La deflazione in Germania: anche la Merkel soffre
I prezzi al consumo sono scesi dello 0,2% rispetto al mese precedente, dell'1% in un anno. Solo la Bce può davvero fare qualcosa
La crisi alle porte. Anche la Germania inizia a vacillare, sferzata dal vento della stagnazione che nell’eurozona sta facendo vittime mese dopo mese. La deflazione è arrivata, così come il rallentamento delle attività economiche. E ora si attendono risposte da parte della Banca centrale europea (Bce). La pressione per l’avvio di un programma di acquisto di titoli di Stato, o Quantitative easing (Qe), aumenta sempre di più. Ma prima bisognerà aspettare nuovi dati.

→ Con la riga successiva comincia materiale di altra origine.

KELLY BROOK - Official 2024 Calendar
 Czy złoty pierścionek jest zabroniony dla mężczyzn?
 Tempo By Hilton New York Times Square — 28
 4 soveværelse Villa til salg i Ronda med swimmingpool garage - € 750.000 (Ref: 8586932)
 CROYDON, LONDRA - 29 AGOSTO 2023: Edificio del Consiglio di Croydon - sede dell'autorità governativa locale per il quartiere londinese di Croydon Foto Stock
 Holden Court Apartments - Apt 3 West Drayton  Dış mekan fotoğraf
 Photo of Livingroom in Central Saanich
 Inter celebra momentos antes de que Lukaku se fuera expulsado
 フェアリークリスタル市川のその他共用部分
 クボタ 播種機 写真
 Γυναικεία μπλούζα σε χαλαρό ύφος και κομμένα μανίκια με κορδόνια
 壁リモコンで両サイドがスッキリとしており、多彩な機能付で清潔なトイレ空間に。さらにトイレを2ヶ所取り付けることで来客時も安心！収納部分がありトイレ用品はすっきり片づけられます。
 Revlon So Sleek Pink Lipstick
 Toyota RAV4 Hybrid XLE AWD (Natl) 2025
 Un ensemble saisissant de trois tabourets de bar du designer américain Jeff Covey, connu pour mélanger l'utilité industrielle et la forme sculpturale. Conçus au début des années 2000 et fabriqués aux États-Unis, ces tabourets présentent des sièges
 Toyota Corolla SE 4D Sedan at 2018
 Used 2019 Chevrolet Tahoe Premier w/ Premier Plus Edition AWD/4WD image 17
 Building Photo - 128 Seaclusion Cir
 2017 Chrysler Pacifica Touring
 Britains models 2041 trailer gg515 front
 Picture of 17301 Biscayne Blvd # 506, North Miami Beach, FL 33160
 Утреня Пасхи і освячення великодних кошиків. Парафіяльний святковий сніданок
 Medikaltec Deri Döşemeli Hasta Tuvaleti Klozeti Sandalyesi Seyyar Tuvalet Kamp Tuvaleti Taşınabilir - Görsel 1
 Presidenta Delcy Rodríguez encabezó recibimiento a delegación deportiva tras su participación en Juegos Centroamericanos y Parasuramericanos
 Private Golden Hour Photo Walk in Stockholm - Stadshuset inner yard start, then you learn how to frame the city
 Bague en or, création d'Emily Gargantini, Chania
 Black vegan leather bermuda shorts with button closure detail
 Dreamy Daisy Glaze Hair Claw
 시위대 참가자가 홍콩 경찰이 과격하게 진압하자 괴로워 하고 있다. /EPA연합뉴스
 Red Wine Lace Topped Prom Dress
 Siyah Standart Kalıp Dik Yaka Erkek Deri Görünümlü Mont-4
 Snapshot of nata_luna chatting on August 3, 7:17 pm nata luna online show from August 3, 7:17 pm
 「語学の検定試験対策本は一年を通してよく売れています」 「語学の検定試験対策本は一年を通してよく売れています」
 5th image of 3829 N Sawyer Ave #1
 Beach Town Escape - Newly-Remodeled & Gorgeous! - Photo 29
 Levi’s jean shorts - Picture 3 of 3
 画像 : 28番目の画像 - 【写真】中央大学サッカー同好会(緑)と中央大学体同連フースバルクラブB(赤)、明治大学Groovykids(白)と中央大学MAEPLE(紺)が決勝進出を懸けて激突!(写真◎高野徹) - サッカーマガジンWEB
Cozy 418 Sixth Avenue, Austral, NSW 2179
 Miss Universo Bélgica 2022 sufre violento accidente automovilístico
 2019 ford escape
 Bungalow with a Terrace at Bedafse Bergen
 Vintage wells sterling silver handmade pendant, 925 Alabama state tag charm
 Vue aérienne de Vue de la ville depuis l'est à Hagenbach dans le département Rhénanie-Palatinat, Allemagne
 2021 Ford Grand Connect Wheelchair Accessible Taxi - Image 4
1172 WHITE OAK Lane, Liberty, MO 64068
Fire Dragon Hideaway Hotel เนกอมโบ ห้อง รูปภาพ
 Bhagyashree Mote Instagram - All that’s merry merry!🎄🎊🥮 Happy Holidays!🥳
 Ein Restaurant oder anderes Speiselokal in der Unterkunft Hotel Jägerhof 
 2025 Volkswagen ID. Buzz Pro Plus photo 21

La deflazione, cos'è e perché è un pericolo
Meno 0,2% rispetto al mese precedente, meno 1 punto percentuale rispetto a un anno prima. Ottobre, per la Germania, è stato un altro mese in cui l’indice dei prezzi al consumo è calato. Una contrazione attesa dagli analisti, come evidenziato dal consensus di Reuters, ma che potrebbe avere un impatto significativo sulle prossime decisioni di politica monetaria della Bce. Secondo i dati di Nordea, che ogni mese fa il punto sull’inflazione nella zona euro, il livello di allarme è stato toccato. La maggior parte dell’area euro è in deflazione e non sembrano esserci strumenti in grado di riattivare la crescita dei prezzi.
A peggiorare la situazione sono arrivati anche i dati sulla vivacità dei settori manifatturiero e dei servizi in tutta l’eurozona. Il dato della Germania è stato ben al di sotto delle aspettative. L’indice Pmi (Purchasing Managers'Index) elaborato da Markit ha toccato quota 52,1 a novembre, in calo rispetto al 53,9 di ottobre. In pratica, il minimo degli ultimi 16 mesi. Se è vero che l’indice resta sopra quota 50 punti, ovvero la soglia che separa un’economia in contrazione da una in espansione, è altrettanto vero che il deterioramento delle attività economiche in Germania è più veloce delle stime. Secondo Goldman Sachs “entro il primo trimestre 2015 gli indici Pmi potrebbero scendere sotto i 50 punti”. In altre parole, la Germania potrebbe tornare in recessione quanto prima.
La reazione degli operatori finanziari è stata, come prevedibile, nervosa. Come spiega Vincenzo Longo, market strategia di IG, “i dati di questa mattina sono stati veramente deludenti e hanno annullato il sentiment marginalmente positivo che si era creato dopo la pubblicazione dell’indice Zew martedì scorso”. Nello specifico, secondo Longo, “il mercato sta tornando a scontare un ritmo più veloce di deterioramento dell’economia dell’eurozona nell’ultima parte del 2014”. È quindi normale attendersi che qualcosa cambi nelle prossime settimane. Anche per Longo questi dati “tornano a mettere pressione alla Bce per un intervento già a dicembre sul fronte del QE, che dovrebbe interessare l’acquisto dei titoli di Stato”. Tuttavia, conclude lo strategist di IG, “fondamentali rimangono i dati della prossima settimana, quando saranno resi noti in ordine, l’indice IFO sulla fiducia degli imprenditori tedeschi, la stima flash sull’inflazione di novembre in Germania e nella zona euro”. Solo dopo la pubblicazione di questi dati si capirà quanto sono elevate le possibilità che Mario Draghi armi il suo bazooka con il Qe in stile americano.
Il compito più difficile, almeno in teoria, è quello di convincere la Germania che l’acquisto di titoli di Stato da parte della Bce è nel loro interesse e non rappresenta un rischio, né viola il mandato dell’Eurotower. Non dovrebbe essere troppo complicato, data l’attuale debolezza dell’economia tedesca. La sfida più grande, però potrebbe essere un’altra. Dopo aver lanciato le Targeted longer-term refinancing operation (Tltro), operazioni mirate di rifinanziamento a lungo termine, e un programma di acquisti di covered bond e di titoli cartolarizzati, cioè Asset-backed security (Abs) e Residential mortgage-backed security (Rmbs), cosa potrebbe accadere se nemmeno il Qe a tutti gli effetti funzionasse? È una domanda che attualmente è senza risposta, come ha ricordato nella nota mattutina la banca svizzera UBS. Se si guarda all’economia giapponese, a cui gli analisti di Deutsche Bank e Credit Suisse paragonano sempre con maggiore frequenza l’eurozona, e al recente ritorno in recessione gli scenari che si aprono non sono positivi. Per Draghi potrebbe essere quindi sempre più accidentato il percorso che porta l’area euro fuori dalle sabbie mobili in cui è entrata ormai 5 anni fa.